B. İstinaf Sebepleri
Davacı vekili istinaf dilekçesinde özetle; bilirkişi raporuna karşı sundukları itirazlarının dikkate almadan hatalı değerlendirmeler içeren bilirkişi raporuna dayanarak hatalı ve eksik değerlendirme ve gerekçelendirme ile usul ve yasaya aykırı olarak davanın reddine karar verildiğini, dava dilekçelerinde belirtildiği üzere davalı şirket, şirket kayıtları ile ilgili idareleri tarafından bilgi istenilmesine karşın davalı şirket tarafından herhangi bir bilgi verilmediğini, şirketin uzun yıllardır herhangi bir faaliyetinin bulunmadığının sabit olduğunu, şirketin kuruluş gayesinin gerçekleştirmesine imkân kalmadığını, dosyada mevcut diğer tüm beyanlarını tekrar ettiklerini, mahkemenin kararının gerekçesinde yazılı olan tespitleri ve değerlendirmelerin açıkça hatalı olduğunu ileri sürerek kararın kaldırılmasını ve davanın kabulüne karar verilmesini istemiştir.
C. Gerekçe ve Sonuç
Bölge Adliye Mahkemesinin yukarıda tarih ve sayısı belirtilen kararı ile somut uyuşmazlıkta, davacı tarafça şirket ortaklığından çıkmaya izin verilmesi ve çıkma payının tahsili talep edilmiş olup kural olarak anonim şirket ortaklığından çıkmaya izin verilmesine ilişkin bir düzenlenme bulunmadığı gibi limited şirketlere ilişkin hükümlerin anonim şirketler bakımından uygulanma imkanı da bulunmadığından ve dava dilekçesi kapsamında da davacı tarafça davalı şirketin fesih ve tasfiyesine ilişkin herhangi bir talep yer almadığından yerel mahkemece davanın reddine karar verilmesinde bir isabetsizlik görülmediği gerekçesiyle davacı vekilinin istinaf başvurusunun esastan reddine karar verilmiştir.

V. TEMYİZ
A. Temyiz Yoluna Başvuranlar
Bölge Adliye Mahkemesinin yukarıda belirtilen kararına karşı süresi içinde davacı vekili temyiz isteminde bulunmuştur.

B. Temyiz Sebepleri
Davacı vekili temyiz dilekçesinde özetle; istinaf dilekçesindeki sebeplerini tekrar ederek eksik inceleme ile usul ve yasaya aykırı olarak davanın reddine karar verildiğini, dava dilekçesinde ileri sürdükleri hususların tam değerlendirilmeden hatalı tespitlerle davanın reddine karar verilmesinin usul ve yasaya aykırı olduğunu, davalı şirketin herhangi bir ticari faaliyeti bulunmadığını, şirketin kuruluş gayesini gerçekleştirmesine imkan kalmadığını ,dosyada mevcut diğer tüm beyanlarını tekrar ettiklerini ileri sürerek kararın bozulmasını istemiştir.

C. Gerekçe
1. Uyuşmazlık ve Hukuki Nitelendirme
Dava, davalı anonim şirket ortaklığından çıkmaya izin verilmesi ve çıkma payının tahsili istemine ilişkindir.

2. İlgili Hukuk
1. 6100 sayılı Hukuk Muhakemeleri Kanunu’nun (6100 sayılı Kanun) 369 uncu maddesinin birinci fıkrası ile 370 ve 371 inci maddeleri.

3. Değerlendirme
1.Bölge adliye mahkemelerinin nihai kararlarının bozulması 6100 sayılı Kanun’un 371 inci maddesinde yer alan sebeplerden birinin varlığı hâlinde mümkündür.

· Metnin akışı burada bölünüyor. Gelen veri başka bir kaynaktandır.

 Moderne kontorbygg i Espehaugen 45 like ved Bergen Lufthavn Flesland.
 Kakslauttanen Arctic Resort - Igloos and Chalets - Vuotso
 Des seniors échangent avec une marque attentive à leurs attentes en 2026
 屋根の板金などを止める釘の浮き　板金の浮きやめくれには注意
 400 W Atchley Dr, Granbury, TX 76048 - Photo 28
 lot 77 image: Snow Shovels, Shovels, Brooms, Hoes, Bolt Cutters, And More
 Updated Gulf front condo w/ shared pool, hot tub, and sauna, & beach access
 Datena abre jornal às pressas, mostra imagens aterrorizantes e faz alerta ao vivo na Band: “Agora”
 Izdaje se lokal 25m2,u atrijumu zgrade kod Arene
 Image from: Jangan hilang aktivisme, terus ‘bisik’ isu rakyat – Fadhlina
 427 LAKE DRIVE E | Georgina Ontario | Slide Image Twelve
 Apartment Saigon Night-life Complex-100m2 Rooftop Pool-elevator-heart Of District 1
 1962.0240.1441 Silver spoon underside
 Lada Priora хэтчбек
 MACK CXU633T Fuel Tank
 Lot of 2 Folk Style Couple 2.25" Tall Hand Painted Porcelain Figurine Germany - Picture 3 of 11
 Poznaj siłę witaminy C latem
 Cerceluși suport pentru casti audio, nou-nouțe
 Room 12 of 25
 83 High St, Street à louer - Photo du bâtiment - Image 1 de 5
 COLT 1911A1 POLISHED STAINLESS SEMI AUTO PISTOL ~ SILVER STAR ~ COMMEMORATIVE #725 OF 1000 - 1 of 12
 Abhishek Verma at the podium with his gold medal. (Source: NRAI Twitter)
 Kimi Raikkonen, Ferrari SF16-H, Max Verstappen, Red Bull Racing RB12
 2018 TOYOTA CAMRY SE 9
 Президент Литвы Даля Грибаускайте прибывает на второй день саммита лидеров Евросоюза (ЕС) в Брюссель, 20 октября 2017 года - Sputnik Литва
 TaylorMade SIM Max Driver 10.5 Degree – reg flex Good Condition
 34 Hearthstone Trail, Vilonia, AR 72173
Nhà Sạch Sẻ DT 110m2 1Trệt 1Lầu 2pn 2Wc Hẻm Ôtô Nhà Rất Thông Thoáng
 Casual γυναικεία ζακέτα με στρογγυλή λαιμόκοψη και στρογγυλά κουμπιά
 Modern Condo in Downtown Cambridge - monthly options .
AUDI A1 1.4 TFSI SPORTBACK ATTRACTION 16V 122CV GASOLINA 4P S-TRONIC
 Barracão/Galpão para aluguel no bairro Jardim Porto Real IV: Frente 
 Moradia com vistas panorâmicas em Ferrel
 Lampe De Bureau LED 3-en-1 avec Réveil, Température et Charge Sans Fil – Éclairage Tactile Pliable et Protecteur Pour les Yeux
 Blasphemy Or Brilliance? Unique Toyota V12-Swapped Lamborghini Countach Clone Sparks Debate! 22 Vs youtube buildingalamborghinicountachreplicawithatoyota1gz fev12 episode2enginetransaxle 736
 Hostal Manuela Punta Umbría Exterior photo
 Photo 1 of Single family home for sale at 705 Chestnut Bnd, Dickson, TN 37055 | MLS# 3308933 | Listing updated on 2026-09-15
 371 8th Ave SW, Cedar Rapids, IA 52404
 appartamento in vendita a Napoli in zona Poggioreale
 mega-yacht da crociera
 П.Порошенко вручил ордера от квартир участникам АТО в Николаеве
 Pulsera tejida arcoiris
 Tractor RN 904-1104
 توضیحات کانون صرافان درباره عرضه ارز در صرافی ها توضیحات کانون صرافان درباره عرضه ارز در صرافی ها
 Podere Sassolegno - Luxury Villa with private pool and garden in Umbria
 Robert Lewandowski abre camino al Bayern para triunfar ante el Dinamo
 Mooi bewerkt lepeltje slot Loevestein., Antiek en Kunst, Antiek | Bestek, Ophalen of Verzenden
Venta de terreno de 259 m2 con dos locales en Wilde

2.Temyizen incelenen karar, tarafların karşılıklı iddia ve savunmalarına, dayandıkları belgelere, uyuşmazlığa uygulanması gereken hukuk kuralları ile hukuki ilişkinin nitelendirilmesine, dava şartlarına, yargılama ve ispat kuralları ile kararda belirtilen gerekçelere göre usul ve yasaya uygun olup davacı vekilince temyiz dilekçesinde ileri sürülen nedenler kararın bozulmasını gerektirecek nitelikte görülmemiştir.

VI. KARAR

Açıklanan sebeple;
Temyiz olunan Bölge Adliye Mahkemesi kararının 6100 sayılı Kanun’un 370 inci maddesinin birinci fıkrası uyarınca ONANMASINA,

Aşağıda yazılı temyiz giderinin temyiz edene yükletilmesine,

Dosyanın İlk Derece Mahkemesine, kararın bir örneğinin Bölge Adliye Mahkemesine gönderilmesine,

07.09.2023 tarihinde oy birliğiyle karar verildi.